Giallo : Quand l’érotisme rencontre un suspense sanglant

Le cinéma italien des années 1960 à 1980 a engendré un genre unique et audacieux : le Giallo. À la croisée du policier, de l’horreur et de l’érotisme, le Giallo a laissé une empreinte indélébile pendant l’âge d’or du cinéma italien. Des scènes de meurtres excessivement sanglantes, des tueurs aux gants noirs et des femmes dont la peau nue devient le théâtre de tragédies, sont les éléments caractéristiques de ce genre captivant. Plongeons ainsi dans cet univers si singulier.

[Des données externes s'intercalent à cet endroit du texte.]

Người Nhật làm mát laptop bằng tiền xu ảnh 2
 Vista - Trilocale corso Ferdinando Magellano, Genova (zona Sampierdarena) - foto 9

Tout commence dans les années 1920, non pas à l’écran, mais au sein d’une collection littéraire italienne, chez Mondadori, intitulée Libri Gialli. Reconnaissable à sa couverture jaune, cette collection a marqué le paysage éditorial italien, associant le terme « Giallo » au roman policier. Avec des détectives aux enquêtes complexes, ces histoires ont rapidement conquis le public, avant même des auteurs étrangers tels qu’Agatha Christie.
Ce sont quelques décennies plus tard, dans les années 60, que le genre connaîtra un renouveau sur grand écran. Son premier représentant : Mario Bava. Déjà reconnu pour ses films d’horreur gothique, il est l’un des pionniers à explorer le genre au cinéma. En 1963, il réalise La Fille qui en savait trop, faisant directement référence au classique d’Hitchcock, L’Homme qui en savait trop (1956). L’intrigue suit une jeune femme en vacances à Rome, devenue témoin d’un meurtre brutal à l’arme blanche, poursuivie par un mystérieux assassin.

Les éléments fondamentaux du Giallo commencent à prendre forme, mais c’est avec son film, Six Femmes pour l’assassin (1964), que l’esthétique visuelle distinctive du genre émerge pleinement. L’utilisation de la couleur, en particulier le rouge, symbolisant la pulsion sexuelle et le noir la pulsion de mort, devient un élément clé. Bava va au-delà des limites conventionnelles, influençant tous les aspects du cinéma, de la lumière aux cadrages, créant
une proposition visuelle et sonore plongeant le spectateur dans une expérience quasi expérimentale.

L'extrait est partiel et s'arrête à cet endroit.